Hi,
I am trying to extract text from a string and not sure what is the best way here.
The input is :
| manhatan road left turn |
| manhatan road right |
| manhatan road |
and the output should be.
| manhatan road | left turn |
| manhatan road | right |
| manhatan road |
Basically I need to separate identical text in a column and the extra in a second one.
Thanks for your inputs!
Solved! Go to Solution.
Hi Ben,
thank you for the reply. Here is a more specific set of data:
Input:
| ISOPROPANOL INDUSTRIAL |
| ISOPROPANOL KML |
| ISOPROPANOL PH |
| ISOPROPANOL PH KML |
| ISOPROPANOL PURE |
| ISOPROPANOL PURE PREMIUM |
| ISOBUTANOL |
| ISOBUTANOL SYN |
| ISOBUTANOL KML |
| ISOBUTANOL NO |
| TERTIARY BUTANOL |
| TERTIARY BUTANOL SOL |
| DIACETONE ALCOHOL BE |
| DIACETONE ALCOHOL BE NS |
Output:
| ISOPROPANOL | INDUSTRIAL |
| ISOPROPANOL | KML |
| ISOPROPANOL | PH |
| ISOPROPANOL | PH KML |
| ISOPROPANOL | PURE |
| ISOPROPANOL | PURE PREMIUM |
| ISOBUTANOL | |
| ISOBUTANOL | SYN |
| ISOBUTANOL | KML |
| ISOBUTANOL | NO |
| TERTIARY BUTANOL | |
| TERTIARY BUTANOL | SOL |
| DIACETONE ALCOHOL | BE |
| DIACETONE ALCOHOL | BE NS |
Hope this helps.
Many thanks,
Emil
That's a really interesting problem...
Have a simplified solution but it can't cope with the BE issue @BenMoss pointed out. Basically identifies the longest block of common words from the start in the list and keeps that.
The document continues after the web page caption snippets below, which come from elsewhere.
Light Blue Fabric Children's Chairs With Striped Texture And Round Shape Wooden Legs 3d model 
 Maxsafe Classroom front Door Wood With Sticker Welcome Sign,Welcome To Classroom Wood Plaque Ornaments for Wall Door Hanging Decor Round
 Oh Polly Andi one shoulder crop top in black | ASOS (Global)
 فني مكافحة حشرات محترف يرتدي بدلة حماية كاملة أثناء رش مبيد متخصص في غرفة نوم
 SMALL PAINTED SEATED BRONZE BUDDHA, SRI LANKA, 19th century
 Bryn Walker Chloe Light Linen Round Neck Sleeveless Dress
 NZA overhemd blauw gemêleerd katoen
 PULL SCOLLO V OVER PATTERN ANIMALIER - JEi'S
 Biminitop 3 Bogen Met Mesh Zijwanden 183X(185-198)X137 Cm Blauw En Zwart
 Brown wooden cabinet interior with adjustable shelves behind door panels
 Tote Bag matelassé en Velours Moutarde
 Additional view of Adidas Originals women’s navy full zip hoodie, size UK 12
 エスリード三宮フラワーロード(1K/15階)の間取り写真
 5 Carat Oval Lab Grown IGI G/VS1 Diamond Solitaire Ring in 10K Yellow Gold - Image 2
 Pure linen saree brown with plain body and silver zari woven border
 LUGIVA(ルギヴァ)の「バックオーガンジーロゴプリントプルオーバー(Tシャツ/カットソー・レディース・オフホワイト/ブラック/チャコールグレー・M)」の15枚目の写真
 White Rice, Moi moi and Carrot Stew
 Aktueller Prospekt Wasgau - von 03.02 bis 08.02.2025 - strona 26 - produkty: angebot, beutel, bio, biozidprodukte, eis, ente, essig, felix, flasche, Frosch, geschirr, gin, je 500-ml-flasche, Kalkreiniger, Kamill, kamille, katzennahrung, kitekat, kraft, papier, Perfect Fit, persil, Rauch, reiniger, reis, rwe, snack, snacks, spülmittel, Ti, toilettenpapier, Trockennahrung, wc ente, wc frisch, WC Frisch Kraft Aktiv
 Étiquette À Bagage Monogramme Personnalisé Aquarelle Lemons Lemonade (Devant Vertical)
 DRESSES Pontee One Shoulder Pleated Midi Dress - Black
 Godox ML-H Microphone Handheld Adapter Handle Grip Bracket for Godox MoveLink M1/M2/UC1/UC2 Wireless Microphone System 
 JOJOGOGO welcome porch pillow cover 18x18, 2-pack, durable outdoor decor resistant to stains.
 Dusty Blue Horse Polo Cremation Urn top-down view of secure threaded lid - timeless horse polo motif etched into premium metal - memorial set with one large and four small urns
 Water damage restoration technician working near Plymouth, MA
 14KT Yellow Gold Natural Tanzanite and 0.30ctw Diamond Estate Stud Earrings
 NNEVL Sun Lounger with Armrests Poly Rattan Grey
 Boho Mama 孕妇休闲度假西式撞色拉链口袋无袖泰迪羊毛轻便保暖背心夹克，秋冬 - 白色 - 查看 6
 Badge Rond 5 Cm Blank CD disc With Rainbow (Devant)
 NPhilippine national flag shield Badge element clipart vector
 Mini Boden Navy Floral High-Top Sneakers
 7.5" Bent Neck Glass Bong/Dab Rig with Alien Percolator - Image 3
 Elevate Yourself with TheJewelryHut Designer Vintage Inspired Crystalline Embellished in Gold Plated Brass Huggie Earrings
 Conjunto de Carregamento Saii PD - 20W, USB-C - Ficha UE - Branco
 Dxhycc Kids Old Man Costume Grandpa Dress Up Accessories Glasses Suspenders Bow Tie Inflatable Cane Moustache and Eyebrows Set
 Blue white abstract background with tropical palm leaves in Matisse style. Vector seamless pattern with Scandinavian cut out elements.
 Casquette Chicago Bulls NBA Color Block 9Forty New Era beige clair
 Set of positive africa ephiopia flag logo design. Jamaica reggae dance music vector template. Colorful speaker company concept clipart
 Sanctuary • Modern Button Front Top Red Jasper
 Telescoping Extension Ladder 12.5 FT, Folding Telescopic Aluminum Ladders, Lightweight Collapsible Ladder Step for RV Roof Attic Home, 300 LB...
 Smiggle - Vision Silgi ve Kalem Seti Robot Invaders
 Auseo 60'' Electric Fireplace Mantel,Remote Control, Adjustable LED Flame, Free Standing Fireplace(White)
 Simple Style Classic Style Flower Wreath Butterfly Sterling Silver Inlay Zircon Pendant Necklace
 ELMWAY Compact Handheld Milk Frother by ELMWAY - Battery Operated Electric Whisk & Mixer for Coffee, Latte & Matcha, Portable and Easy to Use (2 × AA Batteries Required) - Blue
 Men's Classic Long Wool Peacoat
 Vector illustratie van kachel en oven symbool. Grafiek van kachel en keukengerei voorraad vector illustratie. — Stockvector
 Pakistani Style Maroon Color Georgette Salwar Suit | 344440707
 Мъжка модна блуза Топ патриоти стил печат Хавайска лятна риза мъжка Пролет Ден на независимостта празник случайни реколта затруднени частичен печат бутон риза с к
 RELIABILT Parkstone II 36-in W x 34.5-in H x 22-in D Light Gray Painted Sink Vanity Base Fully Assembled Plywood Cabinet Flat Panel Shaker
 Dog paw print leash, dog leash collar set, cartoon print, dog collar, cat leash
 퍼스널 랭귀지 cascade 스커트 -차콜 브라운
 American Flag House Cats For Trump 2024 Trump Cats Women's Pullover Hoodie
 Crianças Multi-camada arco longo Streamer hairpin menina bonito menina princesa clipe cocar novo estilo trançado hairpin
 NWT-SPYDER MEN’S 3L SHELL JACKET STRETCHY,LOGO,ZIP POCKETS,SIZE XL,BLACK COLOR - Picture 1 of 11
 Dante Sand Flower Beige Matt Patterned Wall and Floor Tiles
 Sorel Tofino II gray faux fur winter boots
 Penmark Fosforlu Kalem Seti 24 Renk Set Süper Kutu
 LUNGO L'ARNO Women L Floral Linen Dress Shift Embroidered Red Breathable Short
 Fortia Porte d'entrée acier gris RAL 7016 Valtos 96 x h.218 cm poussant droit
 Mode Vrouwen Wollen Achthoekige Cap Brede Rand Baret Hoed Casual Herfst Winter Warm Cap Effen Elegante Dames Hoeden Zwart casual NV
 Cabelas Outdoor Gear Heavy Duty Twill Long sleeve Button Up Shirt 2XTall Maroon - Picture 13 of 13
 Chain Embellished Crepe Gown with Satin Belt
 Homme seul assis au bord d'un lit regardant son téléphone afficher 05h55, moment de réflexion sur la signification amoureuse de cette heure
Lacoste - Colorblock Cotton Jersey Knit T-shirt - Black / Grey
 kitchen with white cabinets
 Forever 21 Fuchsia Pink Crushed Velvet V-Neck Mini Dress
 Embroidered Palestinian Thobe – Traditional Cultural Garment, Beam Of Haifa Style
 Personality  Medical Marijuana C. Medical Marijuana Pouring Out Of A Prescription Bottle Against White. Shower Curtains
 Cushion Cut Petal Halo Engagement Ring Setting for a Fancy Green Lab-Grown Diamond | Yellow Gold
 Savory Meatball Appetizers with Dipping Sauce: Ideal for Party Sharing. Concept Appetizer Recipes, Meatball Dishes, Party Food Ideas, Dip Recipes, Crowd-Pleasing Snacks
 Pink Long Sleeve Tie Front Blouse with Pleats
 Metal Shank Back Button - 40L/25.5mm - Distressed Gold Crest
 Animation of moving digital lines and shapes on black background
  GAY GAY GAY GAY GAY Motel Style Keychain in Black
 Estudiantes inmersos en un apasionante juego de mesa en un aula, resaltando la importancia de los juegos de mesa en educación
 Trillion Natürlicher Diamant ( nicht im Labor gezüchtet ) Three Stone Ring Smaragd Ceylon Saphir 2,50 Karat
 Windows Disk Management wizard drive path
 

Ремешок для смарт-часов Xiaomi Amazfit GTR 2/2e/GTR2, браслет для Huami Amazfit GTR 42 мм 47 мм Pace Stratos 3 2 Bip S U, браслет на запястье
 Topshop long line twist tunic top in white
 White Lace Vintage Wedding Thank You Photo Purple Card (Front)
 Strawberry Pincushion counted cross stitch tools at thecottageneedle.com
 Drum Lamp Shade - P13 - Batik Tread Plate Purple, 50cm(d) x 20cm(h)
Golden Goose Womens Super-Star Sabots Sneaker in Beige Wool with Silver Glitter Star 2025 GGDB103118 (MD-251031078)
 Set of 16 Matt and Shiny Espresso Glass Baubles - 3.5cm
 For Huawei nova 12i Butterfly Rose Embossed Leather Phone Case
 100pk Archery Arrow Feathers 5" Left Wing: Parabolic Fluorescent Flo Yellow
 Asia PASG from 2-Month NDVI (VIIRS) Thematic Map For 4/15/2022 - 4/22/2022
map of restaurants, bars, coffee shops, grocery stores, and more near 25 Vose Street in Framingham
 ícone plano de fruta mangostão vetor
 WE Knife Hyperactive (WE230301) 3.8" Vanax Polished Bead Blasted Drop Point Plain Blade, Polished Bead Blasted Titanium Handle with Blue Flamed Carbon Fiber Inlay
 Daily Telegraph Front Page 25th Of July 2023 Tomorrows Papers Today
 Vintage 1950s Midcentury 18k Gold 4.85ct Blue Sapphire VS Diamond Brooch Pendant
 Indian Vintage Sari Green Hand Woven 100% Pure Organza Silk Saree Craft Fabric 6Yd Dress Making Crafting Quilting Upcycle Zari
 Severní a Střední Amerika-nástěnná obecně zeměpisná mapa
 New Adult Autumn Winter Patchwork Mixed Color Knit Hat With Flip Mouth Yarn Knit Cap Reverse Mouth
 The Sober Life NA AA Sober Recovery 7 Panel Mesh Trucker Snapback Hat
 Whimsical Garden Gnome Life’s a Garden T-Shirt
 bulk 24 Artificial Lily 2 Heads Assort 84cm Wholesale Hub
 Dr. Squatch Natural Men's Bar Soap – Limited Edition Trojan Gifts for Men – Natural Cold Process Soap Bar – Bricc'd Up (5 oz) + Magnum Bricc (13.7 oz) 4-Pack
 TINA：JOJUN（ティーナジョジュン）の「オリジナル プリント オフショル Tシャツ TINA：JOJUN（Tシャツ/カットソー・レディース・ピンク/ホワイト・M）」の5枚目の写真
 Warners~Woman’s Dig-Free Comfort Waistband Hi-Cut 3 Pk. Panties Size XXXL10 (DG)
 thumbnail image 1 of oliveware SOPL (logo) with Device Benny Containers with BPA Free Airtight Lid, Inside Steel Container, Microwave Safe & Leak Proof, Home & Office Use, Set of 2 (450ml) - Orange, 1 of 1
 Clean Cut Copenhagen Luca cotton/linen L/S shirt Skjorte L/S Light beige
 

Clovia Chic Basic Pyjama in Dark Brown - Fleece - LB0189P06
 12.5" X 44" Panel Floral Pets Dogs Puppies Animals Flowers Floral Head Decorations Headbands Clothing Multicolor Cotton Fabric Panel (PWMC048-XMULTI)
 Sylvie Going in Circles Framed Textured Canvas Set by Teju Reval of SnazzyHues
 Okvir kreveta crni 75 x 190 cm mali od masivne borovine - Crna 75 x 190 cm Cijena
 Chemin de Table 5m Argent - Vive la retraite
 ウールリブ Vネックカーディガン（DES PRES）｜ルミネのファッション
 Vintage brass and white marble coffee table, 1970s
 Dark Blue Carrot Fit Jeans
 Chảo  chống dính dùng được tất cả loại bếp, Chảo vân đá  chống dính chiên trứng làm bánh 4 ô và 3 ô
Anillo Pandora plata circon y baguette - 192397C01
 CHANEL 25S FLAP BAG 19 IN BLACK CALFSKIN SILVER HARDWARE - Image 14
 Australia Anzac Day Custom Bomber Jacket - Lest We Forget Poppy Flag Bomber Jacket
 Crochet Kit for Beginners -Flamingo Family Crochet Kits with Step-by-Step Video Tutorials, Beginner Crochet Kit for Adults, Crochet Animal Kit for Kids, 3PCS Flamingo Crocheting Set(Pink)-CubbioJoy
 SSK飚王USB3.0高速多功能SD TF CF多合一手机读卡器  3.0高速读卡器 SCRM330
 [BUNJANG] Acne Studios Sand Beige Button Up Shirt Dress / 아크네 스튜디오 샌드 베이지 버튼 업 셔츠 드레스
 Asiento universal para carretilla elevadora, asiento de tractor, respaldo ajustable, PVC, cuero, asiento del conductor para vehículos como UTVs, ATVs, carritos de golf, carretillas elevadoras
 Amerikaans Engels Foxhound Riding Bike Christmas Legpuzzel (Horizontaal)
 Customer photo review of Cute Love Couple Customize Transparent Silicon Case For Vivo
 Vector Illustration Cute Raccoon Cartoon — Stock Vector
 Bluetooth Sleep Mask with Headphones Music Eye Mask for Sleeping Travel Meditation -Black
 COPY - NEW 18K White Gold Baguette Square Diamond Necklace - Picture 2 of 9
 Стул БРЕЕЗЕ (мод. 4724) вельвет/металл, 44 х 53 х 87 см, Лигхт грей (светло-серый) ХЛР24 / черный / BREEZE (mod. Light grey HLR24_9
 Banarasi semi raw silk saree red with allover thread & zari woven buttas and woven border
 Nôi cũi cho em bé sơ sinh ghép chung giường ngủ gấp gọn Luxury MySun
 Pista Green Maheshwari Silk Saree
You could add a filter to exclude 2 letter words or something like that but without knowing more, hard to do
Have attached a sample get start of common text - possibly over engineered couldnt think of easier way to do.
Thank you for the feedback. I does help but as you said it does not solve the entire problem. I will keep digging into it.